The first international conference that I attended at Dec 2016. This is part of the work during my PhD at the University of Otago.
Title: Trajectory estimation from GPS data using an adaptive smoothing spline
Abstract: GPS units record time series data of a moving object. Connecting location points consequently, will represent the trajectory of an individual or a vehicle. However, sparse points and data errors will give a trajectory with angels, which are unlike for a moving object. Smoothing spline methods can efficiently build up a more smooth trajectory. In conventional smoothing spline, the objective function tries to minimize errors of locations with a penalty term, who has a single parameter that controls the smoothness of reconstruction. Adaptive smoothing spline extends single parameter to a function varying in different domains and adapting the change of roughness. In this talk, I will introduce a tractor spline that incorporates both location and velocity information but penalizes excessive accelerations. The penalty term is dependent on mechanic boom status.

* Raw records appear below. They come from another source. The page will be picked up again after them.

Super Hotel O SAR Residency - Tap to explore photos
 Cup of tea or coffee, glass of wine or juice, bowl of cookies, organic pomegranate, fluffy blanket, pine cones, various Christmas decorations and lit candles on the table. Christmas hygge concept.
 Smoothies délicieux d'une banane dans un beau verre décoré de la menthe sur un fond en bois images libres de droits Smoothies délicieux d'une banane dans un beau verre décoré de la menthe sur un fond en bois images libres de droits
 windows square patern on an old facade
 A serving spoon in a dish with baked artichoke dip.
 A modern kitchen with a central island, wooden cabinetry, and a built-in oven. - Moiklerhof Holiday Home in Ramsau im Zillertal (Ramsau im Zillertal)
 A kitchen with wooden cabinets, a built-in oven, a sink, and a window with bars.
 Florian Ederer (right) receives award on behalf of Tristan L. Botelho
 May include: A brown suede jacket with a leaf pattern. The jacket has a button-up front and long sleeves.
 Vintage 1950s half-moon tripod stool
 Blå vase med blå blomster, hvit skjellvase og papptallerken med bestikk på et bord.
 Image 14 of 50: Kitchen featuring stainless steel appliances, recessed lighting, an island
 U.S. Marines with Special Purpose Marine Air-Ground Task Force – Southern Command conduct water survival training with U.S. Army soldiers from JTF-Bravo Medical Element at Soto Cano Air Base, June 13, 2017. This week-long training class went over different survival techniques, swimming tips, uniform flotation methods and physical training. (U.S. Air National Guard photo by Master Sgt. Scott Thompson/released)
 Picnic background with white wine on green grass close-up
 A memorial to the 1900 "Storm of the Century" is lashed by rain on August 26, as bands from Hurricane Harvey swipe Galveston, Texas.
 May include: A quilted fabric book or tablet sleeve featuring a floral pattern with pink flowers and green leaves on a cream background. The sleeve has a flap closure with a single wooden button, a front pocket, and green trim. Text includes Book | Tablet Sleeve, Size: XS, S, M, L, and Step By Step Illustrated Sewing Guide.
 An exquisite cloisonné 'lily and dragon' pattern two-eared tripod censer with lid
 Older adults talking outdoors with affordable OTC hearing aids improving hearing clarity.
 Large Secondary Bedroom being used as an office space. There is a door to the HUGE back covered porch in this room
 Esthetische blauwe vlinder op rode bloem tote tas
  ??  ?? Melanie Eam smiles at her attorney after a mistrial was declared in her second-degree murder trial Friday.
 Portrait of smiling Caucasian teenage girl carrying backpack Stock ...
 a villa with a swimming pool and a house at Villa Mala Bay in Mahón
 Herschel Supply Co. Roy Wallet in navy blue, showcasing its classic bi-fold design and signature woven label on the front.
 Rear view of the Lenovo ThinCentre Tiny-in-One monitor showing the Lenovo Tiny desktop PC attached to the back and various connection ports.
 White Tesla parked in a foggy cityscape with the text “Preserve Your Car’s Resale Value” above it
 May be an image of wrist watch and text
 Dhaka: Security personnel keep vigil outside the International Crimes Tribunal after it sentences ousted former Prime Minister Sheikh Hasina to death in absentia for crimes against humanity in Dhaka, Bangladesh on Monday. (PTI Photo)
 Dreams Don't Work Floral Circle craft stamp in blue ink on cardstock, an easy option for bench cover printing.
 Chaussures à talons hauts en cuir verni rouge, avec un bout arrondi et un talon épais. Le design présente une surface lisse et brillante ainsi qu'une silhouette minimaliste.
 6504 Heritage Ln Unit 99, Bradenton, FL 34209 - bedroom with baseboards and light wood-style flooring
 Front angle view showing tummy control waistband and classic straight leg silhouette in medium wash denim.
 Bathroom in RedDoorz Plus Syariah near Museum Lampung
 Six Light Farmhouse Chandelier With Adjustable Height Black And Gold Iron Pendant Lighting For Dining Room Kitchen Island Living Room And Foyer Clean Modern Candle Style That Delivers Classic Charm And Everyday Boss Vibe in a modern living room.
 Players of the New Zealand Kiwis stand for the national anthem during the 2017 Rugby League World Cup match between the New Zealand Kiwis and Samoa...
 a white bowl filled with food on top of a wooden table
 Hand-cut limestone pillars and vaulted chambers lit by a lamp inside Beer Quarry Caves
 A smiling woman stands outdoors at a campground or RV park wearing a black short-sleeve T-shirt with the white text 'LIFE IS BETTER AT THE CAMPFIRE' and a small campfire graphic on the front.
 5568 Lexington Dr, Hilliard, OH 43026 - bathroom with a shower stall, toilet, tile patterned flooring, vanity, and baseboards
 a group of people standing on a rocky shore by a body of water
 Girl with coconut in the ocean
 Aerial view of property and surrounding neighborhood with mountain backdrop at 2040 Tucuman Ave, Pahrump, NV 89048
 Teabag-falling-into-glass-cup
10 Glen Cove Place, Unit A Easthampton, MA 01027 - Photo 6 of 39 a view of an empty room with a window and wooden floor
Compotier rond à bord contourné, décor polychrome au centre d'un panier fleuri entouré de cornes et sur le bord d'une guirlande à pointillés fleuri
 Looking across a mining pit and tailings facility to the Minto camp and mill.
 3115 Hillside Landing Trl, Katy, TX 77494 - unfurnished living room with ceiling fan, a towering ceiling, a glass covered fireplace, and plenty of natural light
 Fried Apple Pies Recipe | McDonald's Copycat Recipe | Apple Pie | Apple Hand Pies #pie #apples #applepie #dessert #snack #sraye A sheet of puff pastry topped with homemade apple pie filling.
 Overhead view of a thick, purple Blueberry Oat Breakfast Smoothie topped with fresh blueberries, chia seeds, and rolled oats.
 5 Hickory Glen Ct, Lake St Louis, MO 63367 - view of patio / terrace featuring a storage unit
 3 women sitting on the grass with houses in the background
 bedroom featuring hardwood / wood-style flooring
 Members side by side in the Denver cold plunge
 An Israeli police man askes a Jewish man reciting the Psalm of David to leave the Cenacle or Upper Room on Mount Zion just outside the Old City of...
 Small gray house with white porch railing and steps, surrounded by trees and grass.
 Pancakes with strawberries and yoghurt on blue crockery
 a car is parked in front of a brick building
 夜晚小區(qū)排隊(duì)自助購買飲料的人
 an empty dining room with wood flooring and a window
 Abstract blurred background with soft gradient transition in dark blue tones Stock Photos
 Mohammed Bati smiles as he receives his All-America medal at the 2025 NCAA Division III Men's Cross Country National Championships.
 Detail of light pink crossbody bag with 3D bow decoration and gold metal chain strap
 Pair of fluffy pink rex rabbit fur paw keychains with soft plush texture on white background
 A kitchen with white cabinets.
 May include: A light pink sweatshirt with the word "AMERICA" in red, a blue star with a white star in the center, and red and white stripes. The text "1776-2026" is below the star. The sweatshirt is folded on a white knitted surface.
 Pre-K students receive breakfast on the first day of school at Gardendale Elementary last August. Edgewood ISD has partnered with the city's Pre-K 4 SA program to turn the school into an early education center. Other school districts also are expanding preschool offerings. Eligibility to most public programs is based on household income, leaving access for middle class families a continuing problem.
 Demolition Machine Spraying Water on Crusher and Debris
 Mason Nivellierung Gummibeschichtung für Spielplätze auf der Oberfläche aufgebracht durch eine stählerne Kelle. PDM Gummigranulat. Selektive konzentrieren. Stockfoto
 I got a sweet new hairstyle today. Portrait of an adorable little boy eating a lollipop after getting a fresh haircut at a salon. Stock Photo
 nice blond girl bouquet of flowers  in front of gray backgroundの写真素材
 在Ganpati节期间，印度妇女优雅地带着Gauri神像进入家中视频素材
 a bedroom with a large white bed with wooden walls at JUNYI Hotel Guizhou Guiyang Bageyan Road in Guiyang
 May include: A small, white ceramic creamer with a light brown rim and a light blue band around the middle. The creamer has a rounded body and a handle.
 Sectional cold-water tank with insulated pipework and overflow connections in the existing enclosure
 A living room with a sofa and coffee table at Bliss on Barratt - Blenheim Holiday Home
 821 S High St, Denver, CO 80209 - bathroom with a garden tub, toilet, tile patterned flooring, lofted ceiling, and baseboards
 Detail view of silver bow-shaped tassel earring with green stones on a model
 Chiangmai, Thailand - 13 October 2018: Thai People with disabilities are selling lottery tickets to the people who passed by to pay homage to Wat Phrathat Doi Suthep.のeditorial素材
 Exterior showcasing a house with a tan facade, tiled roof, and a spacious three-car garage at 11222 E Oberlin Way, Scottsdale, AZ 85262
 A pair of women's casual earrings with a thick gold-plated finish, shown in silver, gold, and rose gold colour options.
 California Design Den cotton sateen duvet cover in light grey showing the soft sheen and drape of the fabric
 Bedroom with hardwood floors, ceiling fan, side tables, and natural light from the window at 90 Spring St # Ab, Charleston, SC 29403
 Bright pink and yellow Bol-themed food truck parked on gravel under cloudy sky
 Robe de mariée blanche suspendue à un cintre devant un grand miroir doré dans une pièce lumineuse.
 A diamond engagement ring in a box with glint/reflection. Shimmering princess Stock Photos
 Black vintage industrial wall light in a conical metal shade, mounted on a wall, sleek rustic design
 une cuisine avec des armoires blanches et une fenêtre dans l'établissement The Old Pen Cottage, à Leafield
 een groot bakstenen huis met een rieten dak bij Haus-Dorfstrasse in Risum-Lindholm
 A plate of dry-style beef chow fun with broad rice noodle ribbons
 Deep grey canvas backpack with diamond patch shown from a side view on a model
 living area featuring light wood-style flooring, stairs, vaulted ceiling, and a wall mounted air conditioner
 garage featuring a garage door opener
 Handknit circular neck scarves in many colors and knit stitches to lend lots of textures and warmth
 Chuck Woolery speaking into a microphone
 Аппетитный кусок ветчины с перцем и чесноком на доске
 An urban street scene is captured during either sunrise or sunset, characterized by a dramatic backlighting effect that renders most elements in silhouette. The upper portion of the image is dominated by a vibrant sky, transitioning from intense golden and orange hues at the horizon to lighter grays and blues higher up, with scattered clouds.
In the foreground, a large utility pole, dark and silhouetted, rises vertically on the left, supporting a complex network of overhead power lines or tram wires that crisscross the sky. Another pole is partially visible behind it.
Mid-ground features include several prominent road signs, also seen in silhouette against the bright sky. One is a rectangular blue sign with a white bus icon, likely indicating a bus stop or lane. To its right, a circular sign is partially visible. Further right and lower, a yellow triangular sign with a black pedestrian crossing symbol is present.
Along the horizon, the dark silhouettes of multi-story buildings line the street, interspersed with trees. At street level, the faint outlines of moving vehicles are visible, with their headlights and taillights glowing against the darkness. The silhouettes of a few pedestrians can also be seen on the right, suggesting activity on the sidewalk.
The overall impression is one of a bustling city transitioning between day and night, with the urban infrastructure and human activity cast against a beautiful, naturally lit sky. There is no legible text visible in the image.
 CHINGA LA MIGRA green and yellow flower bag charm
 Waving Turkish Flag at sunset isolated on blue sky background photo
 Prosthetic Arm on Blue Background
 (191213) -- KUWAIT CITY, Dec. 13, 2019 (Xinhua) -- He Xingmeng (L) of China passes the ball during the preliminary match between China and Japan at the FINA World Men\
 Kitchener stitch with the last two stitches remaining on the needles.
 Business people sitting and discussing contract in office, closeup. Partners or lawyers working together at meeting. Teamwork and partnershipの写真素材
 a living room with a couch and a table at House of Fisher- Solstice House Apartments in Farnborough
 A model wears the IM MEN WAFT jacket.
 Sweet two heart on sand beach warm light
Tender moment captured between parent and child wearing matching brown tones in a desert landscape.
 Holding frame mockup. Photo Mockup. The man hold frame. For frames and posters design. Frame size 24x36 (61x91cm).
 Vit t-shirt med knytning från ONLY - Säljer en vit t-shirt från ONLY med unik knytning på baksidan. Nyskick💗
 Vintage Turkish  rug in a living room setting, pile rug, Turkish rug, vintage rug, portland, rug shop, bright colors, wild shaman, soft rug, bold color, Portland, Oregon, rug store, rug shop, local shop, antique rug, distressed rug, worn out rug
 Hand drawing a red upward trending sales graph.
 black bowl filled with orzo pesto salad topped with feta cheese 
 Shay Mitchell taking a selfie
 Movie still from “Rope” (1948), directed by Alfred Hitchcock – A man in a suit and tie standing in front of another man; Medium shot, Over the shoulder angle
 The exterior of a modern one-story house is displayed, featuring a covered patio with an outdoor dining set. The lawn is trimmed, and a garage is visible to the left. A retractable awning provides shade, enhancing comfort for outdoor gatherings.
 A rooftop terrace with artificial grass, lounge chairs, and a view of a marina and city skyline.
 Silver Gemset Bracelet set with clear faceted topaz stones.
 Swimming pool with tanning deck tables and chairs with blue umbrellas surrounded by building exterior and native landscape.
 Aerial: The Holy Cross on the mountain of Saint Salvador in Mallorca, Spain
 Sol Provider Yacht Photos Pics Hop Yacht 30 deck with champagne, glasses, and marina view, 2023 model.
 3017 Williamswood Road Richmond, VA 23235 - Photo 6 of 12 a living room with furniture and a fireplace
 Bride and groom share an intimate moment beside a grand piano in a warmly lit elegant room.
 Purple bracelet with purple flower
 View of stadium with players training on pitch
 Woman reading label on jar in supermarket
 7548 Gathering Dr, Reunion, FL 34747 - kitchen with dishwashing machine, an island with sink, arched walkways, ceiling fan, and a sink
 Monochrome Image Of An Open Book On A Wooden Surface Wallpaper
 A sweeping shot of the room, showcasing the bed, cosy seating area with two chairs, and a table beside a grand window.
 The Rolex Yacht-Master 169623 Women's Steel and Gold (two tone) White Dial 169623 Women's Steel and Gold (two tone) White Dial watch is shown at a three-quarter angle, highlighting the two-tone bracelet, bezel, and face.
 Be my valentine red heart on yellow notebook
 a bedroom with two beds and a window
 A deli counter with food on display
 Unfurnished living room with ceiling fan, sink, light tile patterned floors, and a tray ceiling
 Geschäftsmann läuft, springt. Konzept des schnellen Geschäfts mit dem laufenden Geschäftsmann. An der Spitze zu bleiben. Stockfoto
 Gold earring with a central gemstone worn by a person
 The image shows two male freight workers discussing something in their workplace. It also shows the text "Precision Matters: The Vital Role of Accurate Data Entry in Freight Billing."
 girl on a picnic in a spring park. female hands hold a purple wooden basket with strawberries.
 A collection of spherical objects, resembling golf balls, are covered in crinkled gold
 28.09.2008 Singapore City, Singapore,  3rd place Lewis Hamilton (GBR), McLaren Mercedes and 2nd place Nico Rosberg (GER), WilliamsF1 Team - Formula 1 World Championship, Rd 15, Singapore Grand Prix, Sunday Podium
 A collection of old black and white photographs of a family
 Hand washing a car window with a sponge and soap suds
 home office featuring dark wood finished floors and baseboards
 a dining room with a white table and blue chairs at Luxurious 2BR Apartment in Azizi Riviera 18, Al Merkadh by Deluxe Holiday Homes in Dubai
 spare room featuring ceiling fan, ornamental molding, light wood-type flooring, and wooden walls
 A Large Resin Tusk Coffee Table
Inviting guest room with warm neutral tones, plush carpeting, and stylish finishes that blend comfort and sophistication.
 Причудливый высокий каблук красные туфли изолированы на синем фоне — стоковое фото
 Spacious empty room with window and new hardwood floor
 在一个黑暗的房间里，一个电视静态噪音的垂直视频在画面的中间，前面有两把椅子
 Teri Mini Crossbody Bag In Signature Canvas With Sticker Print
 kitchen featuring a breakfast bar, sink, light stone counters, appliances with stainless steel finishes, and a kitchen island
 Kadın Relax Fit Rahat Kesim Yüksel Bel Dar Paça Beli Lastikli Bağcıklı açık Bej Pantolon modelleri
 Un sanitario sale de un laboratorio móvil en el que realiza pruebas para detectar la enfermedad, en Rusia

A new parameter, which controls the error of velocity, and adjusted penalty terms, which adapts to a more complicated curvature status, are introduced to the new objective function. We develop cross validation techniques to find the three smoothing parameters of interest. Moreover, researchers found that a conventional smoothing spline can be constructed by Gaussian Process Regression, if it is equipped with an appropriate inner product in a Reproducing Kernel Hilbert Space. Similarly, we give an inner product to the “tractor spline” in a space and make it a RKHS, the function in which has piecewise continuous second derivatives. Then a posterior mean of the estimates can be found by GPR. At the end, simulation studies and a real data example are presented to demonstrate the effectiveness of “tractor spline”.